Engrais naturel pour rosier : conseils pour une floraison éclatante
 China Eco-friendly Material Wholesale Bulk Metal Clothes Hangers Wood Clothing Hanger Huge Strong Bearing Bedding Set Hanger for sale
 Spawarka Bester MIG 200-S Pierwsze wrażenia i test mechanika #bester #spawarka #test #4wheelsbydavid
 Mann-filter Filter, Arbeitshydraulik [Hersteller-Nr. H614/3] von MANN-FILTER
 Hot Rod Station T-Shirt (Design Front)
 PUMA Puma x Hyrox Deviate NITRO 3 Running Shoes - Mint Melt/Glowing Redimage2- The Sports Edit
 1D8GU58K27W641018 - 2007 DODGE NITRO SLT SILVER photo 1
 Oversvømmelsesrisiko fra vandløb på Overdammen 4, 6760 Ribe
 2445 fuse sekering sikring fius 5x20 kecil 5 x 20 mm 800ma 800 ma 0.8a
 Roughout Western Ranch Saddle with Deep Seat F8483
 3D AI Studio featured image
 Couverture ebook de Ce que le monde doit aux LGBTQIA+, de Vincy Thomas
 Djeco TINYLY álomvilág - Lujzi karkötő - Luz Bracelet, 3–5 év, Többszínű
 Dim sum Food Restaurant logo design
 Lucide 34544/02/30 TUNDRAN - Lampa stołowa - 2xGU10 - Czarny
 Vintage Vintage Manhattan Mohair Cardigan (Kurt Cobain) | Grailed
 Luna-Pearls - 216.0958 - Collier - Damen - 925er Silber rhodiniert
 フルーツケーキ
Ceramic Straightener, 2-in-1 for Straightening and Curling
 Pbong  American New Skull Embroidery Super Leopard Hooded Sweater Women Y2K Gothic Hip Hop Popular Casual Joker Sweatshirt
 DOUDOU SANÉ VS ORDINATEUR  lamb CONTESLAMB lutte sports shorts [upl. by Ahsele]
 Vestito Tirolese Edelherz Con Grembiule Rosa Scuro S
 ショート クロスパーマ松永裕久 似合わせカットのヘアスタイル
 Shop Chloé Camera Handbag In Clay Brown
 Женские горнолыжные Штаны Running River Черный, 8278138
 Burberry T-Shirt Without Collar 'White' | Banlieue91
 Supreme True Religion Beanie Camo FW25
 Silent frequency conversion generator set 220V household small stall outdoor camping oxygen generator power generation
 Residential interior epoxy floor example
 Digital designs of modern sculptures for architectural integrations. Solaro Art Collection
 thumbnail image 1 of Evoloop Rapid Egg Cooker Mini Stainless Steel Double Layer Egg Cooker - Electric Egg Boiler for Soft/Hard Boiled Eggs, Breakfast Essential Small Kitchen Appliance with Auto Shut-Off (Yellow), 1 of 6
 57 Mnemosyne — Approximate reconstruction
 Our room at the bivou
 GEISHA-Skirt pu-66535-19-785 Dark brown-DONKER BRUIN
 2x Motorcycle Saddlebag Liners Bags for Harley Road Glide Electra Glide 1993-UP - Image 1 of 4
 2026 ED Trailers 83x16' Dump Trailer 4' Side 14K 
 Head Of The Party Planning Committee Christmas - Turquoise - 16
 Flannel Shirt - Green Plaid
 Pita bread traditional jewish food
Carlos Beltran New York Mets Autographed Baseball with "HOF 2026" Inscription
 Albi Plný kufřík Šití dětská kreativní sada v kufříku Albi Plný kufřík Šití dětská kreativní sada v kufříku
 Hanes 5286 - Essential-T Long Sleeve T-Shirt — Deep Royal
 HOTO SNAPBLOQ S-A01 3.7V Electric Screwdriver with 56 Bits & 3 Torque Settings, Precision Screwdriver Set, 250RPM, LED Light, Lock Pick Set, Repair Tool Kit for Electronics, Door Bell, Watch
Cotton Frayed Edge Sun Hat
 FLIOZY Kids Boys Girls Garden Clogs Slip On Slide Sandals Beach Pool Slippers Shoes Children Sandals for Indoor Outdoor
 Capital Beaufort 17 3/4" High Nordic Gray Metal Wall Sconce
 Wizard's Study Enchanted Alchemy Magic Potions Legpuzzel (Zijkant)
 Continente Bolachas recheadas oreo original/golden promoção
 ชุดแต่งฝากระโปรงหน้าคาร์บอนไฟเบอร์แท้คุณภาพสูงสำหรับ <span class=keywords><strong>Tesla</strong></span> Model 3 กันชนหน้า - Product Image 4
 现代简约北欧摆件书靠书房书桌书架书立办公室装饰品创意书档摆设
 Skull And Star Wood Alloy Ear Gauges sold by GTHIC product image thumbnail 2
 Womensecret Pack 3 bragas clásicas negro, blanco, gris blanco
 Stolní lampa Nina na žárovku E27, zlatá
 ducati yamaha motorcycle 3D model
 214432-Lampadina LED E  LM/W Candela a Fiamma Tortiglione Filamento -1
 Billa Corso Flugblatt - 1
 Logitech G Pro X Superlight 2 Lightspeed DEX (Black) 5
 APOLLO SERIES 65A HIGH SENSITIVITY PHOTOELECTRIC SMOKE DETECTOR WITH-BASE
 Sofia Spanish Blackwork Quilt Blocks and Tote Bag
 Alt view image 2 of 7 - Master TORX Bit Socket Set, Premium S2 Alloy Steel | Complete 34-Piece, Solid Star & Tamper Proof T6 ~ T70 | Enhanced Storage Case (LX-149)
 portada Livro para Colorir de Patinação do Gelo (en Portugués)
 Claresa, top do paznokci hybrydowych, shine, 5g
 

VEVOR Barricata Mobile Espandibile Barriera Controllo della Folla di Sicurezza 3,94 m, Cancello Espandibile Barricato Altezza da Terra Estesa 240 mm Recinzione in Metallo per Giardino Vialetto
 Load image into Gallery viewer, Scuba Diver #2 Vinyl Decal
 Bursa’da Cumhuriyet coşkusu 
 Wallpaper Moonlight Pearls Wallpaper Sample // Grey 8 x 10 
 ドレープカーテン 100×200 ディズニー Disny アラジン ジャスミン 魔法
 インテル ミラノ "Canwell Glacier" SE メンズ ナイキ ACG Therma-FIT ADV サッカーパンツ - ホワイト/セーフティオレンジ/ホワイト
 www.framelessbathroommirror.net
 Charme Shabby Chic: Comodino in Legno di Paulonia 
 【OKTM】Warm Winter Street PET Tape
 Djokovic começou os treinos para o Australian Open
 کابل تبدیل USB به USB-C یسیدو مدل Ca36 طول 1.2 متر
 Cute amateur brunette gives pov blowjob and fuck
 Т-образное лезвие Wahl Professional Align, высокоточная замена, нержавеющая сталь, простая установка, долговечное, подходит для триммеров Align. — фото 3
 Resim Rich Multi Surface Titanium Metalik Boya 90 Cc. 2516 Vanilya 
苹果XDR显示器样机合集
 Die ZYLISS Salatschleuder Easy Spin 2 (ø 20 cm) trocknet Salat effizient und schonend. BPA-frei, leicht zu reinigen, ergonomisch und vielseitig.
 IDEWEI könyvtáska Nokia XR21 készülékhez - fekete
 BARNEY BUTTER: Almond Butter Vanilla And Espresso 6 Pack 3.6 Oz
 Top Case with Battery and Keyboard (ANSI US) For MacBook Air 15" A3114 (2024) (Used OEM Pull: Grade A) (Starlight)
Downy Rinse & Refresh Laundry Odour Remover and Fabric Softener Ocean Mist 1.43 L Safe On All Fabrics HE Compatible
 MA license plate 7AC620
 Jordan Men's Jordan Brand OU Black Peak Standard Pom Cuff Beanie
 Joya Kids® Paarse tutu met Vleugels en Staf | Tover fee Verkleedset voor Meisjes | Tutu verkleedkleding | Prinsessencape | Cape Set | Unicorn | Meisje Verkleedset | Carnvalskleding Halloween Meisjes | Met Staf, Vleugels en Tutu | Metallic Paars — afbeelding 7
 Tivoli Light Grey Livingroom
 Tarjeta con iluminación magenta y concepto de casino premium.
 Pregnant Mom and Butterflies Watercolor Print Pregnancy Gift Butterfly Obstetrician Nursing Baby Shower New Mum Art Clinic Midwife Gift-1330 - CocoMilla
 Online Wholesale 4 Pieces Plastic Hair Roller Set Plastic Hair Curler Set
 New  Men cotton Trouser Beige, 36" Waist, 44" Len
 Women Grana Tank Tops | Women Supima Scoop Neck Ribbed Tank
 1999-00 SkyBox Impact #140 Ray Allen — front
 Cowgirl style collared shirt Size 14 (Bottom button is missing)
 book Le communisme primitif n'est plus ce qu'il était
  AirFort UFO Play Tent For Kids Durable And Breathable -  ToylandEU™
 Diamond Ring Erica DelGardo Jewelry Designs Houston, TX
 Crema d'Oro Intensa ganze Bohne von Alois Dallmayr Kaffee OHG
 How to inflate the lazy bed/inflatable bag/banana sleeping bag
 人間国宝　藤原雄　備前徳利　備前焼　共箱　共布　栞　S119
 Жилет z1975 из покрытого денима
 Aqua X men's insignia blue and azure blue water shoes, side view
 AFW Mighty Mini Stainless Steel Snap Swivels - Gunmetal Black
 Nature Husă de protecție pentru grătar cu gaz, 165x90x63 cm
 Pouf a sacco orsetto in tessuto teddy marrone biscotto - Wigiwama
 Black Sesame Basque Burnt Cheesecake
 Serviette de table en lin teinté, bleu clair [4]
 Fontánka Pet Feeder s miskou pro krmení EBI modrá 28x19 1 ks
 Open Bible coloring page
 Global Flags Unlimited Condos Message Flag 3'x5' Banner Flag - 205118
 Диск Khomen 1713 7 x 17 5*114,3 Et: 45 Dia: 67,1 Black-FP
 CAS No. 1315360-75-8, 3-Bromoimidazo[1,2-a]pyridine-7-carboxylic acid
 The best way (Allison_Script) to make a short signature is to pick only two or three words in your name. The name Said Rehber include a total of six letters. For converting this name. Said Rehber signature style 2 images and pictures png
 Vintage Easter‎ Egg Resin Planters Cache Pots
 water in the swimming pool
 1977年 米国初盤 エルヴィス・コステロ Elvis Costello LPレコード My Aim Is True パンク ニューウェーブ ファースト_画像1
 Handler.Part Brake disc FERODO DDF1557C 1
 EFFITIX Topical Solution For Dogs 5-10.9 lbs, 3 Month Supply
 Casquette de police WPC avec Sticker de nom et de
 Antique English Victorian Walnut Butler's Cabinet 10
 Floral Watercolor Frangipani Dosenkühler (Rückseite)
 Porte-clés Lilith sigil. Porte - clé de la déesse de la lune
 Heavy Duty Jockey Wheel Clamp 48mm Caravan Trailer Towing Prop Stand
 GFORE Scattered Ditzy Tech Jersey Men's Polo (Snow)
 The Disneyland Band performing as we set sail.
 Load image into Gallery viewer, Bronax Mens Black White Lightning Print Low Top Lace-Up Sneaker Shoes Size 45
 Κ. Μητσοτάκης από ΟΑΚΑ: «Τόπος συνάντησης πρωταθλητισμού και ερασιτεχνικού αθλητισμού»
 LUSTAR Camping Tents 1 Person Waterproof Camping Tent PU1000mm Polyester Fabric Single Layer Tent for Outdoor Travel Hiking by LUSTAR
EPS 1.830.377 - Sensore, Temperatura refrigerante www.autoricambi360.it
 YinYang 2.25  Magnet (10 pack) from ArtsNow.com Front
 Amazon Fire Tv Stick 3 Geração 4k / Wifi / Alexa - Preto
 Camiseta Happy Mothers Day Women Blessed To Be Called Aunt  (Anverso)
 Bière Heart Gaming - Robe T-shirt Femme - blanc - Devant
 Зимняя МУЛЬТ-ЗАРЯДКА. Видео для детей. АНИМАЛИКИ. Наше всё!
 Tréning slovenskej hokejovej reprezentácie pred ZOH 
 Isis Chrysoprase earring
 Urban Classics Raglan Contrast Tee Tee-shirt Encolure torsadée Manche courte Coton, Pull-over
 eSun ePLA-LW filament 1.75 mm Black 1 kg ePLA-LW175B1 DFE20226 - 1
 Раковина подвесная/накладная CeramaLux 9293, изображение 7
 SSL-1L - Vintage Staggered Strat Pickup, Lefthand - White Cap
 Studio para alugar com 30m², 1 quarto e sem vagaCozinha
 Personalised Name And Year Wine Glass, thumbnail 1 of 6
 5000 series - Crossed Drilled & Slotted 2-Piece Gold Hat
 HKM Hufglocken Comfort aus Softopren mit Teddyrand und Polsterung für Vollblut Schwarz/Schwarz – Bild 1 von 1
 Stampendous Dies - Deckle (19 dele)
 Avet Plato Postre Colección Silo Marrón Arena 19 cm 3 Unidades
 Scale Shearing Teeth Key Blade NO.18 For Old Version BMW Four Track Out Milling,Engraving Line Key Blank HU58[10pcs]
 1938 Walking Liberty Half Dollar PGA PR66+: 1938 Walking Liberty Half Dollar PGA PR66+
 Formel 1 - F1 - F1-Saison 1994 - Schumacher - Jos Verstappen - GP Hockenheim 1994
__________________________________________________
Lines that include the word "Studio" are to be extracted from the data above.

THE ANSWER:
 3D AI Studio featured image
 Studio para alugar com 30m², 1 quarto e sem vagaCozinha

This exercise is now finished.